Exploiting Relational Structure to Understand Publication Patterns in High-Energy Physics
A. McGovern, L. Friedland, M. Hay, B. Gallagher, A. Fast, J. Neville, and D. Jensen
Using Relational Knowledge Discovery to Prevent Securities Fraud
J. Neville, O. Simsek, D. Jensen, J. Komoroske, K. Palmer and H. Goldberg
1. Where's the beef?
Focused more on what was learned instead of how it was learned (Chris)
I was surprised that both of these papers did not go into great detail of RPTs. (Josh)
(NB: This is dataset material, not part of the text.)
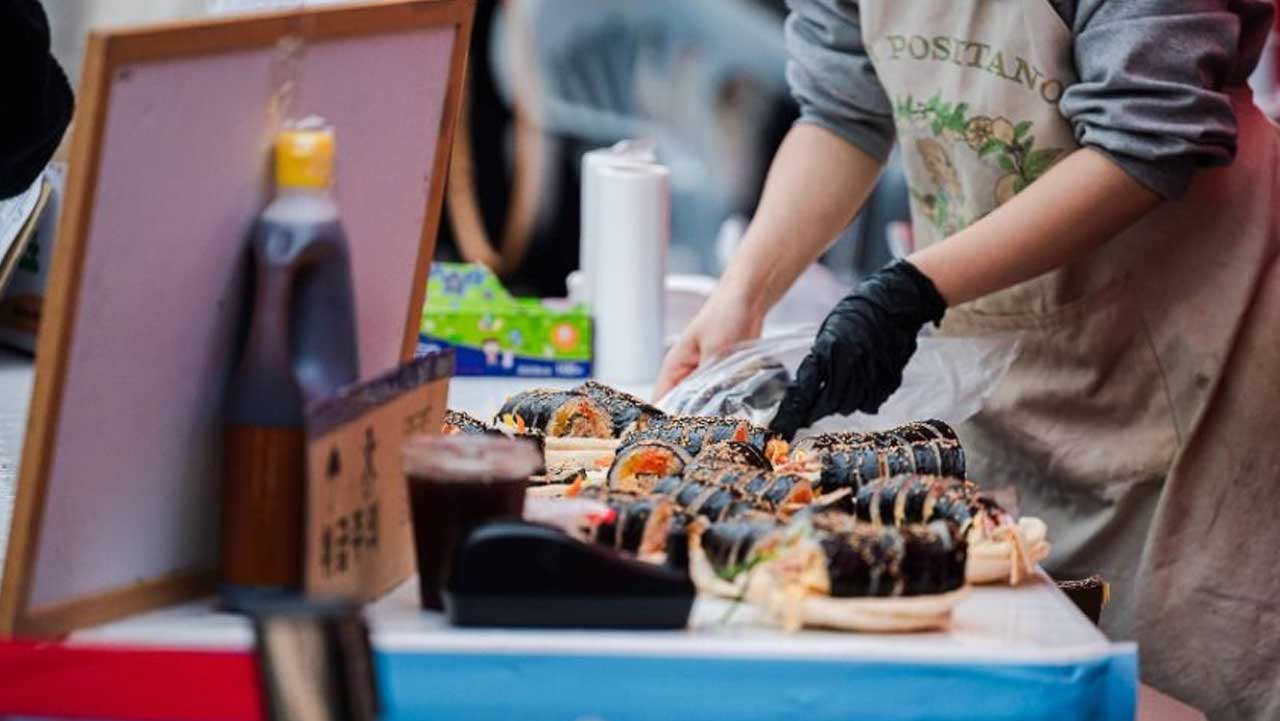 축제장에서 김밥을 썰어 판매하는 모습. / 김천김밥축제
2. How can we get our papers published?
In the case of publication analysis, identification of attributes
that affect publication and listing of them by importance would
have provided more insights. This will be of great interest to
authors! (Praveen)
3. Limitations of statistical analysis
Journal acceptance is subjective, predictive models built on only
objective information may not be correct (Umang)
4. Future Work: Time
How easy or hard it is to determine the amount of temporal data to
be considered in cases where there is no domain enforced
limitations such as non-availability of arXiv data before 1992 in
this case. (Rajesh)
In this setting the relational data changes over time... I think this
is the most interesting area for further research. (Duncan)
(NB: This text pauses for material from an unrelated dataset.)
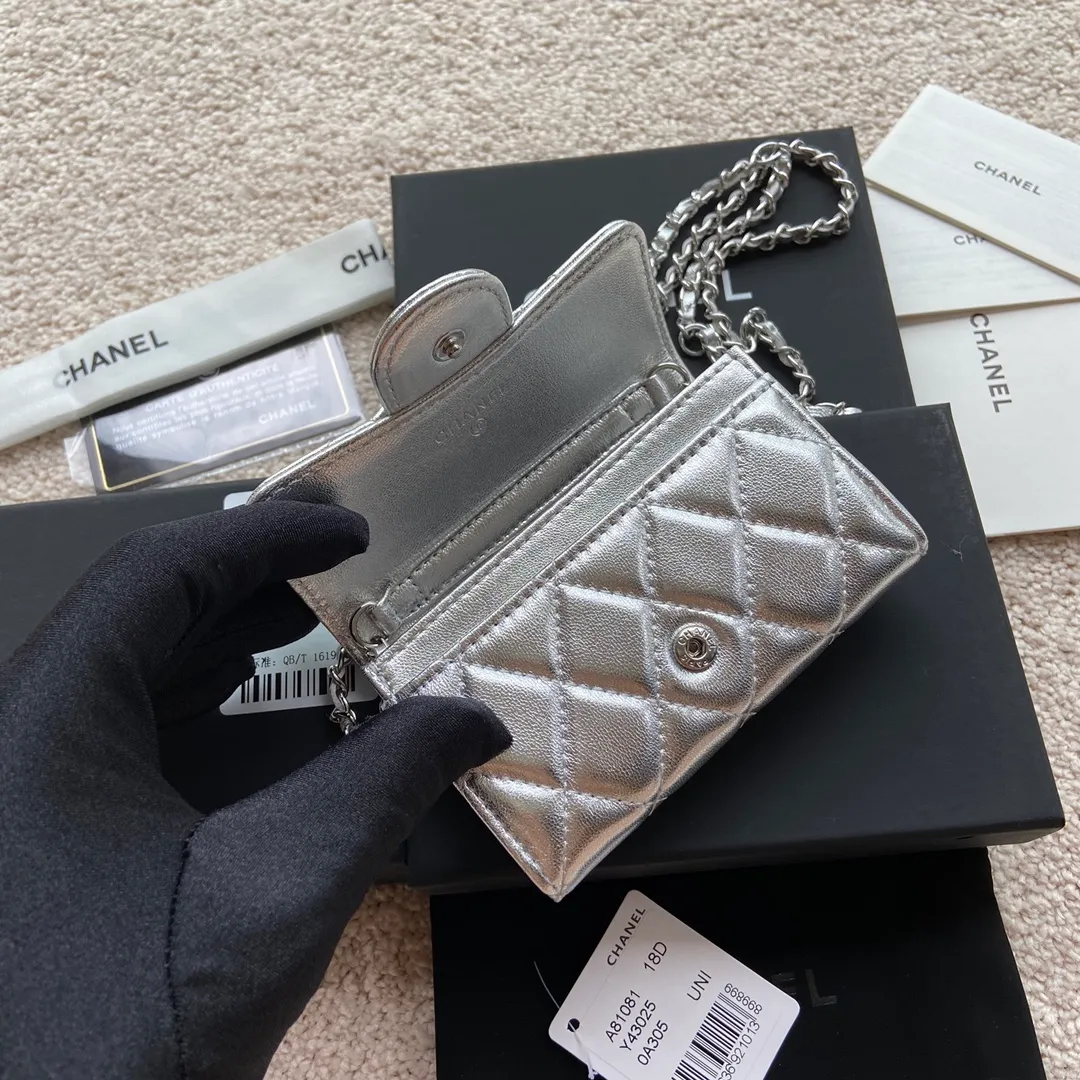 Xiaoxiang imported Italian sheepskin Item number: A81081 (chain small card holder) Price: 420 Size: w11×h7cm Color: silver sheepskin silver steel mark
5. Future work: Collaborative analysis
Should the task of determining the publication possibility of a
given paper also make use of the clustering information obtained?
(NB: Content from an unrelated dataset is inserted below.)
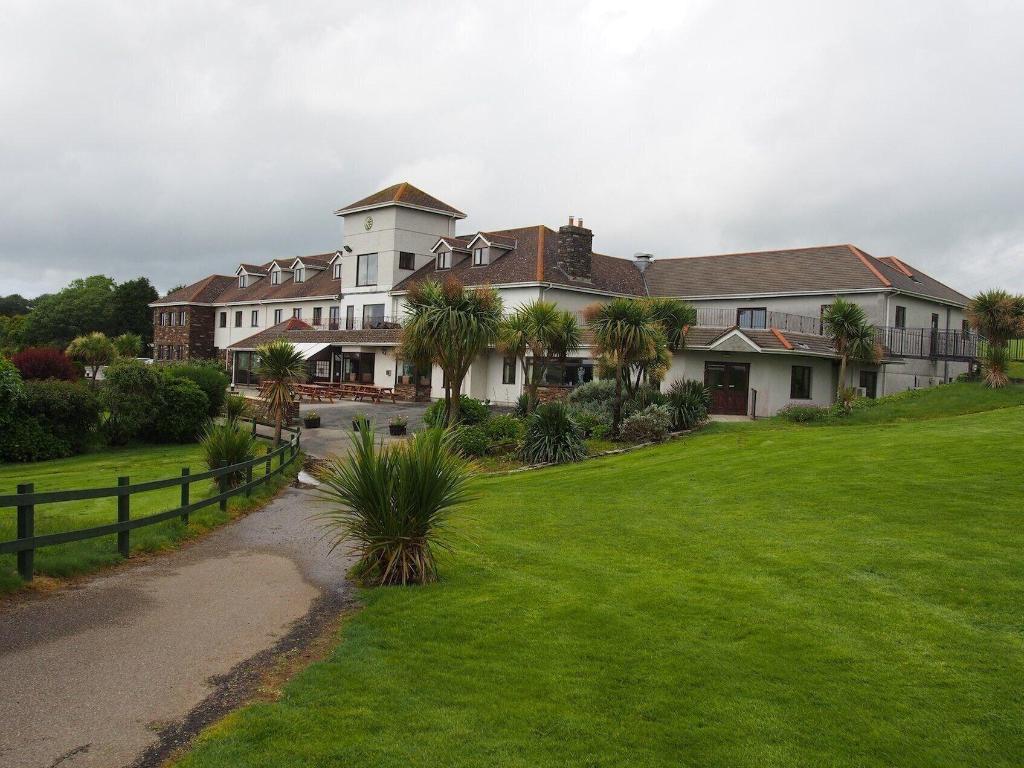 Bowood Park Hotel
For example there might exist certain topics of research that
receive more recognition and hence a larger percentage of them may
be published in journals. (Rajesh)
6. Future work: Concept drift
I think an important concept is how to decide or choose a useful
relation which can be used in the algorithm. RPT model doesn't
dominate Base model in 2001 and 2002 test. So can I say that the
relations used in RPT model may not properly fit or be distinguishable
in the whole data? Or the relations used in RPT model may only fit
in the first two datasets because of the way they were explored? (Yang)
7. How to define/construct the feature space
Too many attributes may slow down the calculation. Too few attributes
may put the model in a coarse granularity. Can the authors prove that
the way of constructing the attributes is meaningful? (Yang)
Is it common in SRL to test pre-enumerated hypotheses, rather than
let an algorithm more freely make conjectures? I ask this because
I was surprised to see how much is assumed in the structure of the
data. (Josh)
8. Questionable class label
The use of the surrogate measure is questionable because NASD wants to
investigate brokers who are likely to be involved in fraudulent
activity, which does not always result in a disclosure filing
against that broker. (Duncan)
9. How can relationships provide more information than text?
It is interesting to find that using text-only clustering leads to
results that the authors found not satisfactory. Intuitively, text
content of papers should provide more insights to what a paper is
about than citations, but information might be a lot harder to
extract from text content due to the complex structure of written
languages. (Jia-Hong)
10. Implementation
Why not use an object-relational database? (Chris)
(2) What are the primary limitations to applying relational models to these or other domains?